This interconnected supply chain really delivers value in the North Sea, be it toward the end of a project's life or starting a new one: the skills and abilities inherent to this area present opportunities to reduce high operating costs and diminish risk. Without the technological capabilities of companies in this area, many of the smaller volumes of oil in this aged basin would go ignored.

Adam Wynne Hughes, president offshore, CRC-Evans Offshore

The glut of companies attracted here from all over the globe adds further to the complexity and abilities of the supply chain in the UKCS. The supply chain here is globally connected; of its full GBP 35 billion (USD 59.38 billion) value in 2012, according to OGUK and EY, 42 percent of this value was derived from exports.

Pete Jones, managing director, TAQA

Rory Deans, CEO of Sentinel Marine a company running ERRVs (emergency rescue and response vessels) details the international appetite for North Sea Skills: "the prevalence of North Sea skills globally is incredible. There is frequently someone from Aberdeen working for a logistics or drilling company regardless of where that company is operating globally. They are used to the high standards in the North Sea and they are often eager to bring these quality operating practices around the world." He comments on the implications for Sentinel Marine itself: "ERRVs tend to be unique to the North Sea but Sentinel is confident that this manner of working could have a wider role out of the North Sea."
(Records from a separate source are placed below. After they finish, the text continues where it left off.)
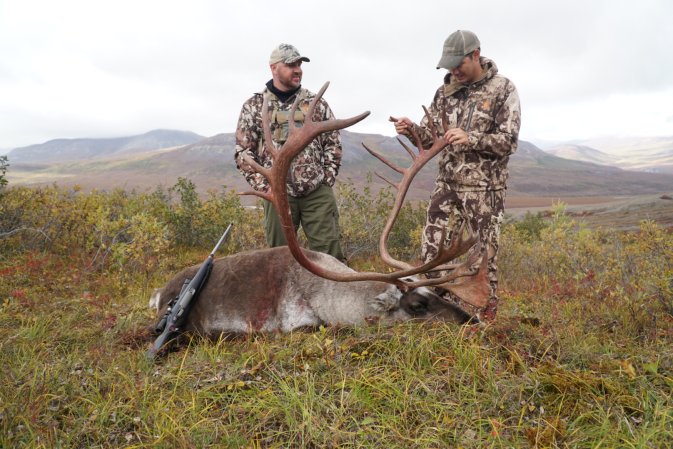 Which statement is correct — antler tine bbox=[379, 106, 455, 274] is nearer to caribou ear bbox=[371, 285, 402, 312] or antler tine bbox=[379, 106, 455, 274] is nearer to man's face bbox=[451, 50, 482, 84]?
caribou ear bbox=[371, 285, 402, 312]

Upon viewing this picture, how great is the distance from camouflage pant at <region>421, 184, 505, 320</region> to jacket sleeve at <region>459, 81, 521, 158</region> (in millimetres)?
Answer: 437

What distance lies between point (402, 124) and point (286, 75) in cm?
137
Garry J.G. Farquhar, director, Vector Supplies

Companies in the North Sea often drive forward excellence by specializing. CRC Offshore handles offshore welding, inspections and coating. "CRC Evans is an incredibly innovative company," says Adam Wynne Hughes, president of CRC Evans Offshore, a company providing equipment for offshore pipeline construction. He expands: "The automatic welding systems the business has developed are leading technologies."
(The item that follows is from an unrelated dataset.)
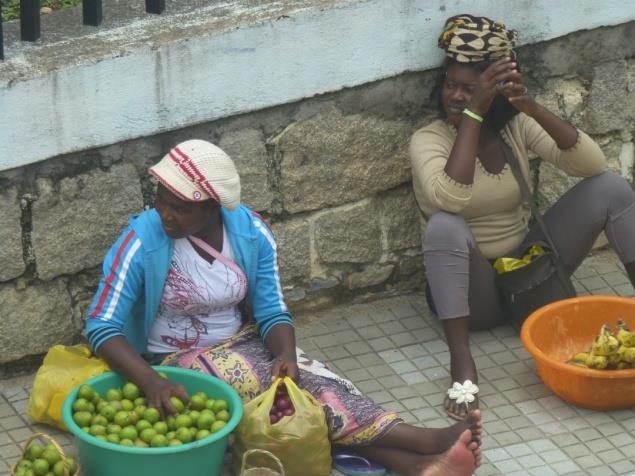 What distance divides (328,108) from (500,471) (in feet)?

"A desire for our offshore equipment is to see it smaller and more nimble- more like a formula one car, compared to our onshore equipment which is often much more substantial. Onshore pipelines are often built as the equipment moves and the pipe remains fixed in place, whilst offshore the pipeline will be fed out from a fixed spool base or vessel."

Hughes explains that companies can then pair these specialisms with expertise from other businesses, emphasizing how CRC Evan's partnership with Subsea 7 has furthered their mutual interests: "Technical teams have reciprocal visits to support each other's operations. Our business has also invested significantly to both improve customer experiences and to add to our abilities with regard to pipeline coating- we believe this will better support a broad spread of our customers."

Alasdair Buchanan, COO and MD, Senergy

The supply chain in Aberdeen is differentiated; diverse and dynamic, demonstrated by the responsiveness of companies to client needs. Gary Farquhar, director of Vector, a company providing ‘single-source' quality assured oilfield equipment, spare parts and consumables internationally, comments on recent movement of the market: "the new levels of investment are bound to translate into new opportunities. Much of the expenditure is being targeted towards hardware for the field after completion of the exploration work."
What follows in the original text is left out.